今回は、⑬育苗箱(ポット苗)施肥の利用です。これは、水稲であれば水稲育苗箱全量施肥法、野菜であれば野菜育苗ポット施肥法・セル苗全量基肥施肥法とも呼ばれている技術を活用することで実行できます。
まず、水稲育苗箱全量施肥法とは、専用肥効調節型肥料「苗箱まかせ」(ジェイカムアグリ株式会社)を使用した、窒素(および加里)の溶出量を調節できる省力・低コストな施肥法です。具体的な使用方法は、育苗箱に指定量の床土を入れ、その上に「苗箱まかせ」を入れ、その後に播種、覆土をします。つまり、床土と覆土で「苗箱まかせ」と苗種子をサンドイッチ状態にするイメージです。「苗箱まかせ」には播種後の本田で必要な窒素全量入っており、そのことによって基肥と追肥の作業が省略できます。また、肥料の利用率が高くなるので施肥量が削減でき、ほ場の状況によりますが、慣行施肥に対し約10~40%節減が可能になります。
一方、野菜育苗ポット施肥法とは、育苗時に使用するビニールポットの用土に、育苗期間中はほとんど溶出しない被覆肥料を必要な分だけ混合して育苗します。こうして育苗した苗を定植することで、本圃へ局所施肥したのと同じ効果が得られ、ほ場全面施肥に比べ、窒素成分であれば30~40%削減できます。
また、セル苗全量基肥施肥法は、野菜栽培での機械移植に適したセルポットに充填する用土に、育苗期間中はほとんど溶出しない被覆肥料を全量施肥する技術です。この技術を使うことで、慣行施肥と同等の収量、品質を維持したまま、窒素成分を30~40%程度削減できます。特に、ハクサイやキャベツなど大面積で機械定植を行う場合に削減効果が大きい技術です。

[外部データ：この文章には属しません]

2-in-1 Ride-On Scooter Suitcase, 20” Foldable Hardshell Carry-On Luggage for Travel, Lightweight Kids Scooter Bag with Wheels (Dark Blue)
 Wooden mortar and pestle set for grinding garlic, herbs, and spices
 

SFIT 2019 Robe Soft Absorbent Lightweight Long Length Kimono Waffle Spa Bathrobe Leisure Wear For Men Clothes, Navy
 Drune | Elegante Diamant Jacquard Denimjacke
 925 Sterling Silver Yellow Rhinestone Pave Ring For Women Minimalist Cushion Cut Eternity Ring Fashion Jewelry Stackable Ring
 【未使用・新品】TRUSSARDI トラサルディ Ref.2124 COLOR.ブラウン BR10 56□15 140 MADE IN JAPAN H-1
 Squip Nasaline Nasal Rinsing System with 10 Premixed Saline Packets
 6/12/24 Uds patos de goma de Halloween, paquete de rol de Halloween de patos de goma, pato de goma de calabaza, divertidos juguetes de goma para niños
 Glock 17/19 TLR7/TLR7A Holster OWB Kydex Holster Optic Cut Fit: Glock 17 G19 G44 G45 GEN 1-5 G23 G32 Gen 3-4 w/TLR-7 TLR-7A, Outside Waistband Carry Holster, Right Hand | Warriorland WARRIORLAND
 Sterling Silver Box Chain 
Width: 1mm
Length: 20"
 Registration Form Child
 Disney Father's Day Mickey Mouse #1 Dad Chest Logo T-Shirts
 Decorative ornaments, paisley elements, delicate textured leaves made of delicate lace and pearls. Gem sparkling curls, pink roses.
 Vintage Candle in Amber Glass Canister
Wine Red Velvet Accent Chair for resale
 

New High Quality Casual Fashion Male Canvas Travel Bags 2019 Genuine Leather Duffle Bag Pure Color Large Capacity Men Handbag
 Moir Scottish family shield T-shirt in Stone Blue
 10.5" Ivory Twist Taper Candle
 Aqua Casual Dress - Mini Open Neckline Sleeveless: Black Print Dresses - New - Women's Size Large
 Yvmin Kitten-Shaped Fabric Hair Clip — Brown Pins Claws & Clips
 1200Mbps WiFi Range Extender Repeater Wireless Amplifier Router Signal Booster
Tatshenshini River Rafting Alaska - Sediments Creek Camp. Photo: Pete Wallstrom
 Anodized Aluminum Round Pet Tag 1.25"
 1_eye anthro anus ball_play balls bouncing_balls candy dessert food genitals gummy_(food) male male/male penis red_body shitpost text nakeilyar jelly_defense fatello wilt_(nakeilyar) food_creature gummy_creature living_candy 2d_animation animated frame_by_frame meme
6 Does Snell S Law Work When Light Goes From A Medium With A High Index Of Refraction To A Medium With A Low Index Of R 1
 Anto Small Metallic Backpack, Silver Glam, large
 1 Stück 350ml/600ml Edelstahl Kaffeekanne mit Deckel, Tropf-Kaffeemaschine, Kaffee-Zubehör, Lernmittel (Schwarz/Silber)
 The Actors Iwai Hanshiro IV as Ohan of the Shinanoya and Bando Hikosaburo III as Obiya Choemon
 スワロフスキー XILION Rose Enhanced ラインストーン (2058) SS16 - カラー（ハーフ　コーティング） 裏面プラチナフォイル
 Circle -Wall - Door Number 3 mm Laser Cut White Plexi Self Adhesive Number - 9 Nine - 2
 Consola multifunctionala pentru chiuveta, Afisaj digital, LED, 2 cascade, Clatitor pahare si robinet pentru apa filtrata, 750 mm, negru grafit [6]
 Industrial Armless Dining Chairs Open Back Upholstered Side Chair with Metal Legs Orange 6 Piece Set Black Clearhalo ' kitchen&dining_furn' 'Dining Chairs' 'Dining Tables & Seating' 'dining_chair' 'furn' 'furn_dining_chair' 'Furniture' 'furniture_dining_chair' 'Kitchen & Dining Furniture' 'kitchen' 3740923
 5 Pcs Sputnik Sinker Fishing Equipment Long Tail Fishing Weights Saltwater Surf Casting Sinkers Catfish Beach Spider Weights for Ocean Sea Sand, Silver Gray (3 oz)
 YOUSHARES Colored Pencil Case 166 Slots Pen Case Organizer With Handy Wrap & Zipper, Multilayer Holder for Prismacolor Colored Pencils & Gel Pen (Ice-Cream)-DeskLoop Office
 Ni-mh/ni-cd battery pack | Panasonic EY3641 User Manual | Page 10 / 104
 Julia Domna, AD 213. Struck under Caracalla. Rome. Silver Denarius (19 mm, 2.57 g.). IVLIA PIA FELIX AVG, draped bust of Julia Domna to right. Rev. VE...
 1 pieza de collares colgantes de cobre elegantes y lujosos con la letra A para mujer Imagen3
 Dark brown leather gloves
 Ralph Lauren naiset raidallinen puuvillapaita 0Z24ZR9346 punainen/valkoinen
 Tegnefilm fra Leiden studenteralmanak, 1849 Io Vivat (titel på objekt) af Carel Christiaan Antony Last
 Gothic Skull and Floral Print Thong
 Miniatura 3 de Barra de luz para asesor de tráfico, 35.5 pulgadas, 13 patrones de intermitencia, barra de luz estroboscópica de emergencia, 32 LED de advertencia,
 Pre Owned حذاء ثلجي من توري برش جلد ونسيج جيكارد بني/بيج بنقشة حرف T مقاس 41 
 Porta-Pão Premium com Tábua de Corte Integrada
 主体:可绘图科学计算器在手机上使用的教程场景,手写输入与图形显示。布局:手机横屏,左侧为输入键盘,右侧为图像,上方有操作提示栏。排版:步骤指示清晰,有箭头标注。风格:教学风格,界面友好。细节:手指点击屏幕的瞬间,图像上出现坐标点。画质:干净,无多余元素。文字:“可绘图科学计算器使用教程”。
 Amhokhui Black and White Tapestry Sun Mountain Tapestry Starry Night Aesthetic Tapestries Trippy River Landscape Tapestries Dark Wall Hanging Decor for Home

いずれの技術も施肥量を減らすことができ、また施肥作業に費やされる労力と時間を大幅に減らすことができるので、施肥コストの低減に役立ちます。また、本技術で使用する肥料は、溶出制御を施した特殊なものなので一般の化成肥料に比べると購入費用が割高とはなりますが、それを加味してもトータル施肥コストの削減に貢献できる技術です。